Task directions |
Set every line of the data down again exactly, and keep the pictures out.

The data |
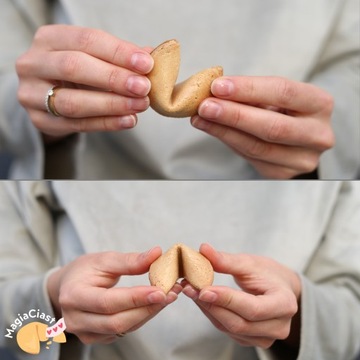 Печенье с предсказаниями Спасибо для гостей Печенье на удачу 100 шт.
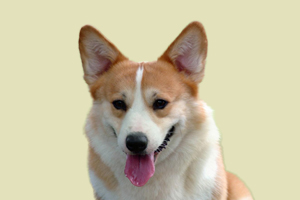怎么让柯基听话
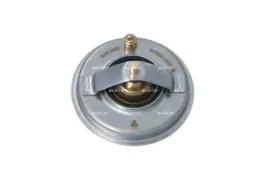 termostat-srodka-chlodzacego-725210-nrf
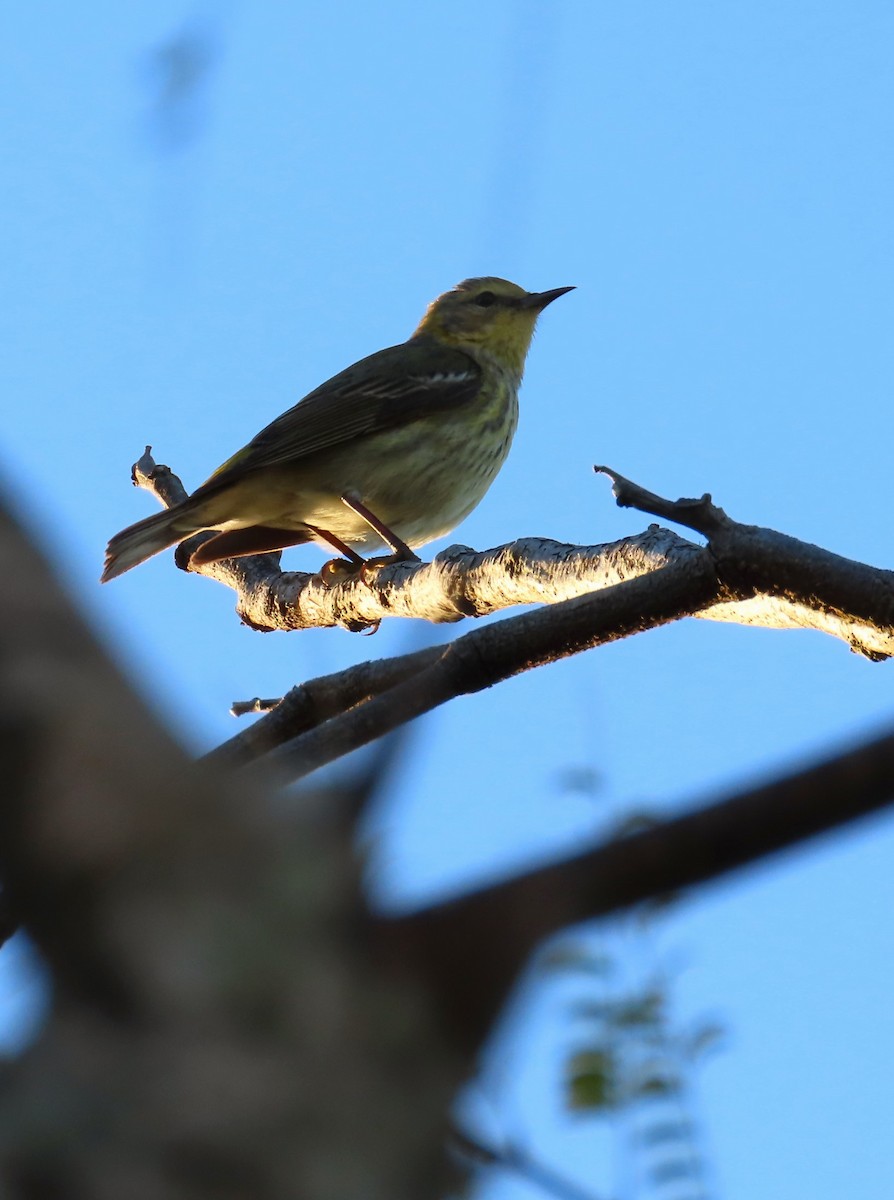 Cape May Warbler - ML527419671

Expected output |
 Печенье с предсказаниями Спасибо для гостей Печенье на удачу 100 шт.
怎么让柯基听话
 termostat-srodka-chlodzacego-725210-nrf
 Cape May Warbler - ML527419671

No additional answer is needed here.